Preminger heightens the discomfiting feel of these characters’ interactions through his taut, theatrical staging. Positioning his actors in stark, angular compositions, Preminger lends an unnatural and disconnected sensibility to the scenes, suggesting that while the characters may interact, they do not communicate. Even Ann and Steven’s scenes together reflect a lack of actual affection or warmth. In one scene, Steven soaks in the bathtub, offering halfhearted sentiments to cheer his sister, and Ann perches on its side, musing to herself; despite their apparent closeness, their comments do not even seem to register with one another.
Naïve, incapable, affectless, Ann Lake is the enigma at the center of this hostile world. Her issues and eccentricities are alluded to but never fully explained-- or worse, explained away. Ann's sanity is by no means confirmed by the film's dizzying finale; any edge she might possess, we sense, is only relative to the panoply of oddballs that surround her. And, in honesty, an absolute confirmation of her sanity would still be cold comfort; after all, she would still be marooned in the middle of a disconnected, dissonant landscape.
In that sense, the film's final shot is deeply unnerving. A shell-shocked Ann carries Bunny away past Steven being loaded into a police car. (This would seem to merit a spoiler alert tag, but even the least astute filmgoer will sense something awry with the doting big brother, thanks to Dullea's wide-eyed and potent performance). As she stumbles off into who-knows-where, a hand gently folds a paper cut-out of a little girl back into place, bringing the screen to black. This gesture signals a conclusion to the film, but not necessarily to the narrative; although BunnyLake has been found, the mental state of her mother troublingly remains unclear, and where they will go next is unknown. But Preminger has blocked our peep-hole into the weird world of Bunny Lake. We have no choice but to leave-- to ponder, debate and try to come to grips with what we have seen.

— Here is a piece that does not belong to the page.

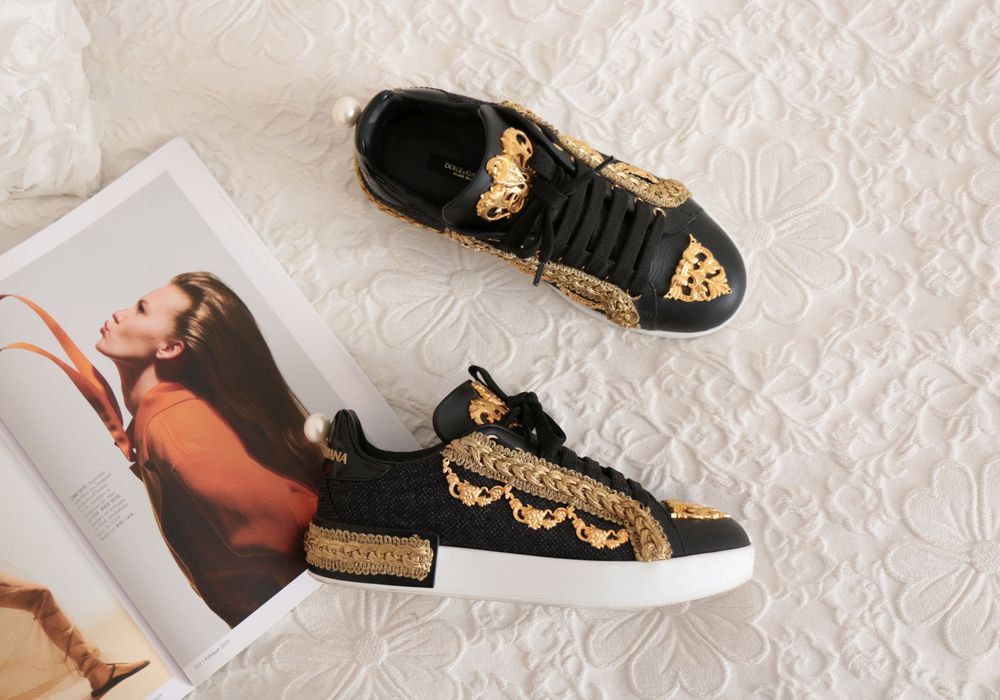 Markowe zdobione trampki DOLCE&GABBANA 37 portofino moliera2 skórzane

It is this ambiguity—all the troubling, tantalizing mysteries that the film unearths but leaves unresolved-- that makes Bunny Lake so profoundly unsettling. Ultimately, this film, like Blow-Up, isn't really about what actually happened, or whether its protagonists are crazy or not. As is powerfully articulated in the credit sequences of both films, which play with superimposition and visual effects to suggest ‘what lies beneath', Bunny Lake and Blow-Up are more films about our fear of the darkness that lurks around us; our fear of unearthing something awful that reveals how sordid and sinister the world can be. Preminger masterfully peels back the cover to expose us to that darkness, like picking up a rock to reveal the grubs that writhe in the earth below.